Babyduft macht Frauen aggressiv und Männer friedlich
Der Geruch von Säuglingen zeigt unterschiedliche Wirkung – Forscher vermuten dahinter evolutionäre Ursachen
Dieses eigentümliche Aroma von Vanille, Milch und Puder: Beim Geruch eines Babys wird wohl fast jedem warm ums Herz, sollte man meinen. Doch eine israelische Studie zeigt nun: Frauen verlieren dadurch die Kontrolle über ihre Aggressionen. Und das hat wohl durchaus seinen evolutionären Sinn.
Ein Forscherteam des Weizmann Instituts für Wissenschaft in Rechovot ließ 127 Männer und Frauen an einem zweiteiligen Experiment teilnehmen.

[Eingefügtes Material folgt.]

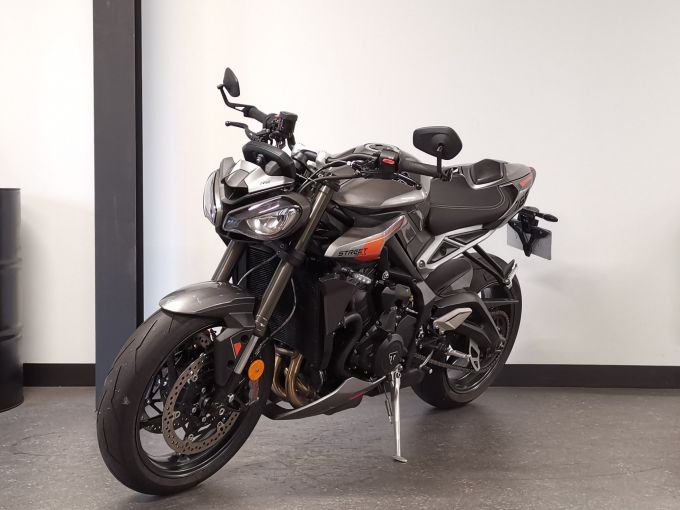 TRIUMPH STREET TRIPLE 765 RS 4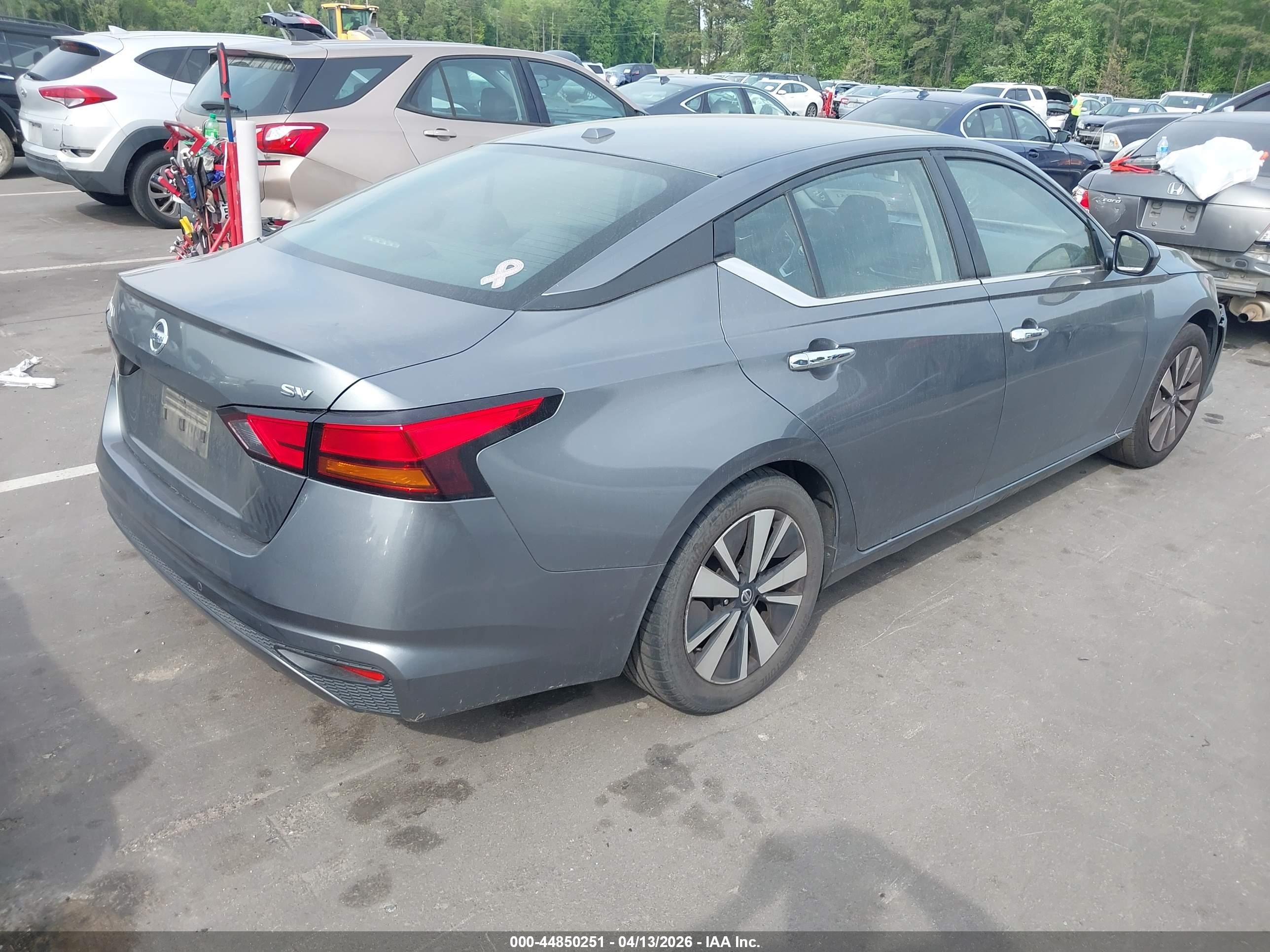 2022 Nissan Altima Sv Fwd Серый vin: 1N4BL4DV1NN352906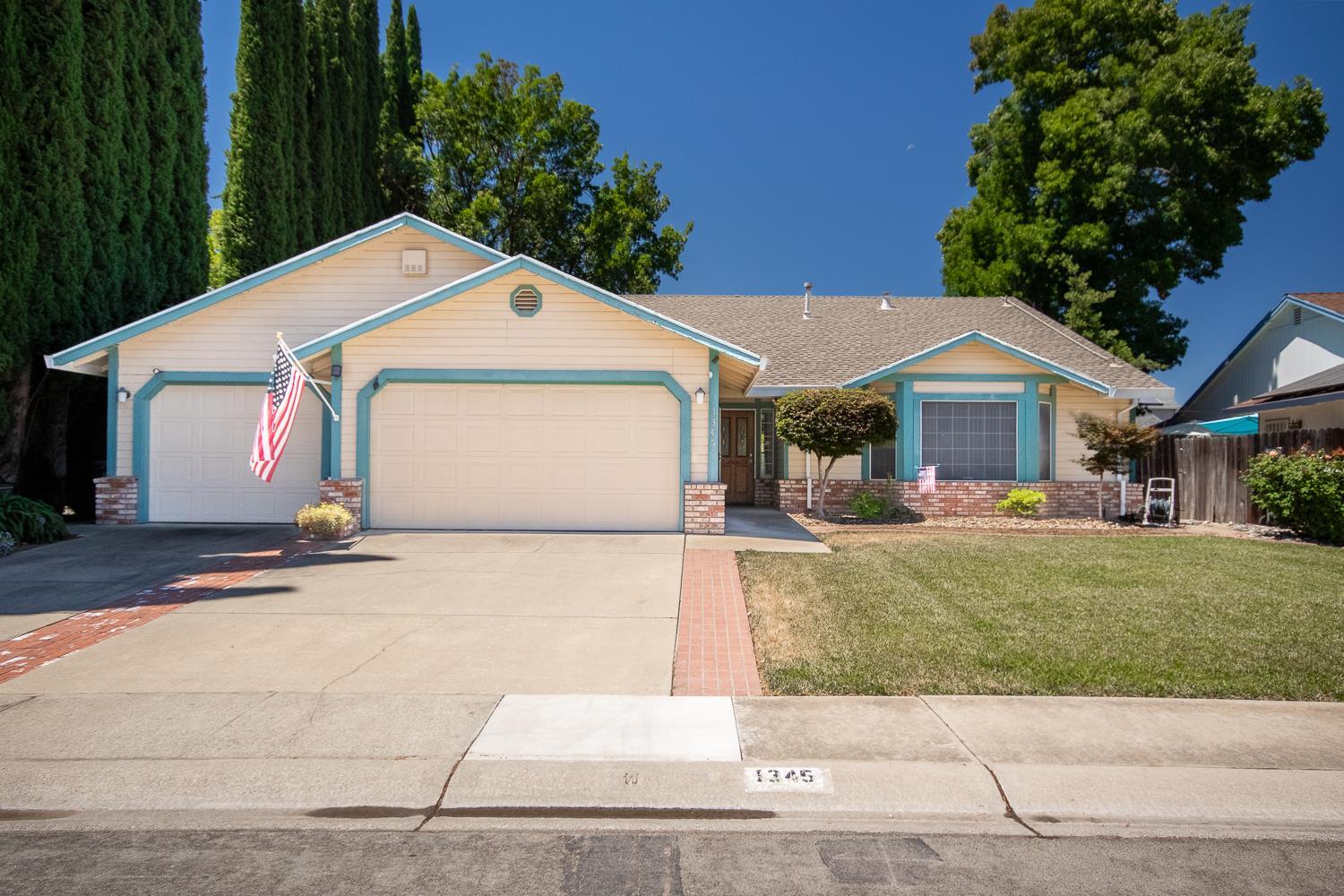 Portola Valley Rd, Yuba City, CA 95993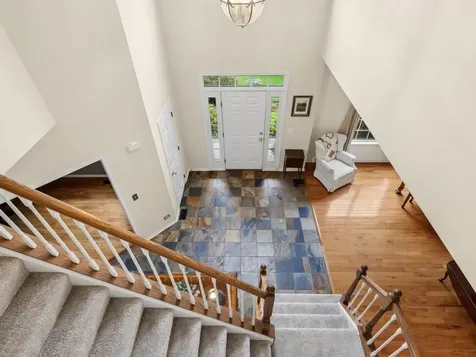 260 Summerdale Lane Algonquin IL 60102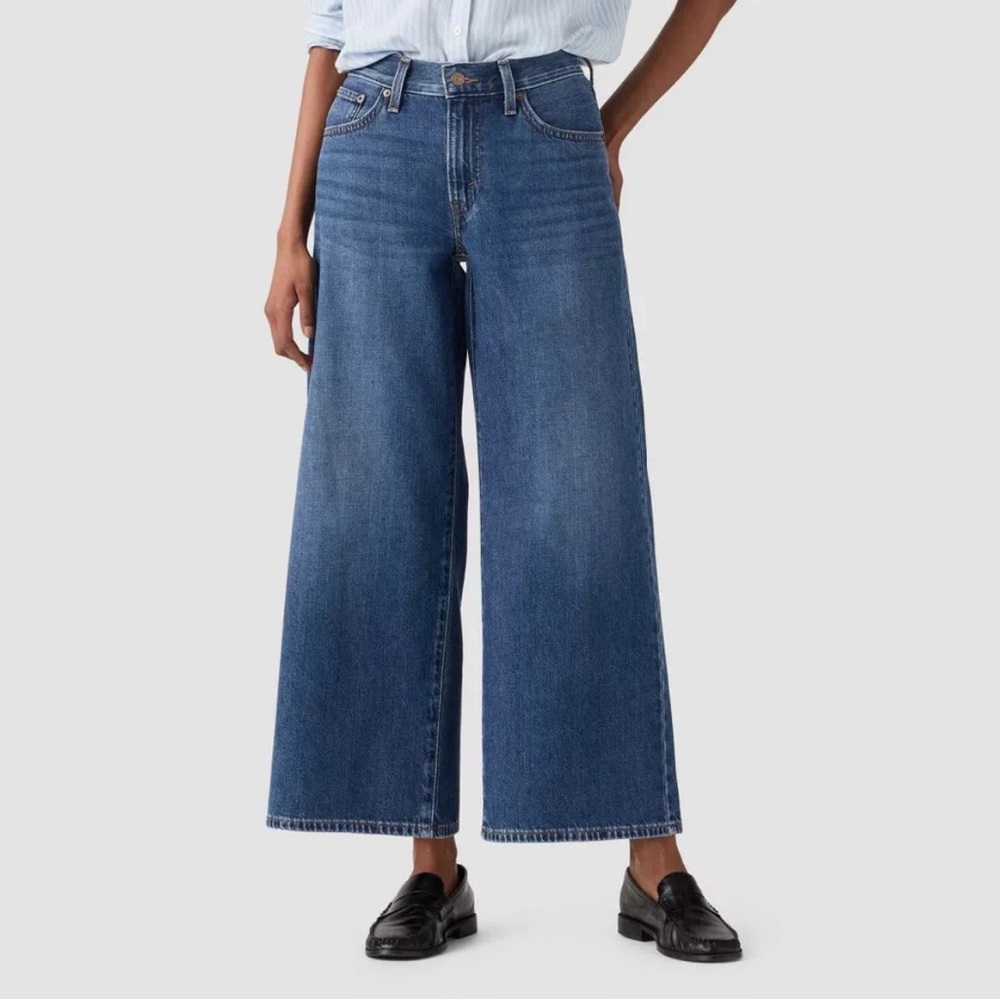 Levi's Women's Middy Wide Leg Ankle Jeans in size 24 , 25 , 28 27 , and 31 in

Im ersten Teil wurden sie in einem Computerspiel von einem vermeintlichen Mitspieler erst einmal kräftig frustriert, um sich dann im zweiten Teil an diesem Mitspieler rächen zu dürfen, indem sie ihn mit einem nervtötenden Ton aus einem Lautsprecher traktierten.
Was die Probanden allerdings nicht wussten: Die eine Hälfte von ihnen wurde dabei einem gasförmigen Stoff namens Hexadecanal (HEX) ausgesetzt, der zwar selbst kaum riecht, aber eine starke Signalwirkung
auf Menschen hat und ein zentraler Bestandteil des Aromas ist, das Babys über ihre Kopfhaut abgeben. Die andere Hälfte der Testpersonen bekam nur einen Placebo-Duft vorgesetzt.
Studienleiterin Eva Mishor war überrascht über das Ergebnis des Experiments
Im Ergebnis zeigte sich: Sofern die Männer vom Babyduft eingenebelt wurden, zeigten sie keine sonderliche Neigung mehr, akustisch Rache an ihrem vermeintlichen Mitspieler zu nehmen. Und Ähnliches hätte Studienleiterin Eva Mishor auch bei den Frauen vermutet.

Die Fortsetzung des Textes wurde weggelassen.